TASK PROMPT:
Among the records below, one line contains "Winning Elections: Political"; copy that line and all that follow it, exactly as written.

RECORDED DATA:
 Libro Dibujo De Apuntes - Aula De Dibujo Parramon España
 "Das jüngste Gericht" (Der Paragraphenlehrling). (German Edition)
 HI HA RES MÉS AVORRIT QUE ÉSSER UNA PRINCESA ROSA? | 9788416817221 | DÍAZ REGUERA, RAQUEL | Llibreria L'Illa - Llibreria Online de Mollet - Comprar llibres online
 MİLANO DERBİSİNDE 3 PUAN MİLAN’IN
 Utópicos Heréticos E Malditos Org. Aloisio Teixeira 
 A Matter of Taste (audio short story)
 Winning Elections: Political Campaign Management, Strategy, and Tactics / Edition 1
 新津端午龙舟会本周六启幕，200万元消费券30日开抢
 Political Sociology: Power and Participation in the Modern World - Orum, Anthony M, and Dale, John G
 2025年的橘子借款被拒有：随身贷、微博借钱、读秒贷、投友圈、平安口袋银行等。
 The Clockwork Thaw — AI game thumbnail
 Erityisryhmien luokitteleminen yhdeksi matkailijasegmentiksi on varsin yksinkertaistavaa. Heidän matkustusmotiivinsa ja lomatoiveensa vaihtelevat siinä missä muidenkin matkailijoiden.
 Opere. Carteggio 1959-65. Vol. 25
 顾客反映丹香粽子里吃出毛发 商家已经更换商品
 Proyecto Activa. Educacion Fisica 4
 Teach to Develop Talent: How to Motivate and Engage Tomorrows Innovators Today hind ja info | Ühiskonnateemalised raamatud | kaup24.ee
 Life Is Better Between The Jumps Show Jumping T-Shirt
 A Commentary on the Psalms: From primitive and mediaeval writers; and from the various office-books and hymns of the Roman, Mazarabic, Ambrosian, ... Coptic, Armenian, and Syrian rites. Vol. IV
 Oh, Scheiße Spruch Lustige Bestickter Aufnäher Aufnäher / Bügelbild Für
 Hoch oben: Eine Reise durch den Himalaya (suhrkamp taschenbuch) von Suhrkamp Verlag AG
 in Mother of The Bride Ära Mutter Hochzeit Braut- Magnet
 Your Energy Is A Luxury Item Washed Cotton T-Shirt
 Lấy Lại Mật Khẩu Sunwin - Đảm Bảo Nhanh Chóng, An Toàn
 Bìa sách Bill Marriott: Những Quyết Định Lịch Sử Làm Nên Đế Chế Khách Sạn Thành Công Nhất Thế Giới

RESULT BELOW:
 Winning Elections: Political Campaign Management, Strategy, and Tactics / Edition 1
 新津端午龙舟会本周六启幕，200万元消费券30日开抢
 Political Sociology: Power and Participation in the Modern World - Orum, Anthony M, and Dale, John G
 2025年的橘子借款被拒有：随身贷、微博借钱、读秒贷、投友圈、平安口袋银行等。
 The Clockwork Thaw — AI game thumbnail
 Erityisryhmien luokitteleminen yhdeksi matkailijasegmentiksi on varsin yksinkertaistavaa. Heidän matkustusmotiivinsa ja lomatoiveensa vaihtelevat siinä missä muidenkin matkailijoiden.
 Opere. Carteggio 1959-65. Vol. 25
 顾客反映丹香粽子里吃出毛发 商家已经更换商品
 Proyecto Activa. Educacion Fisica 4
 Teach to Develop Talent: How to Motivate and Engage Tomorrows Innovators Today hind ja info | Ühiskonnateemalised raamatud | kaup24.ee
 Life Is Better Between The Jumps Show Jumping T-Shirt
 A Commentary on the Psalms: From primitive and mediaeval writers; and from the various office-books and hymns of the Roman, Mazarabic, Ambrosian, ... Coptic, Armenian, and Syrian rites. Vol. IV
 Oh, Scheiße Spruch Lustige Bestickter Aufnäher Aufnäher / Bügelbild Für
 Hoch oben: Eine Reise durch den Himalaya (suhrkamp taschenbuch) von Suhrkamp Verlag AG
 in Mother of The Bride Ära Mutter Hochzeit Braut- Magnet
 Your Energy Is A Luxury Item Washed Cotton T-Shirt
 Lấy Lại Mật Khẩu Sunwin - Đảm Bảo Nhanh Chóng, An Toàn
 Bìa sách Bill Marriott: Những Quyết Định Lịch Sử Làm Nên Đế Chế Khách Sạn Thành Công Nhất Thế Giới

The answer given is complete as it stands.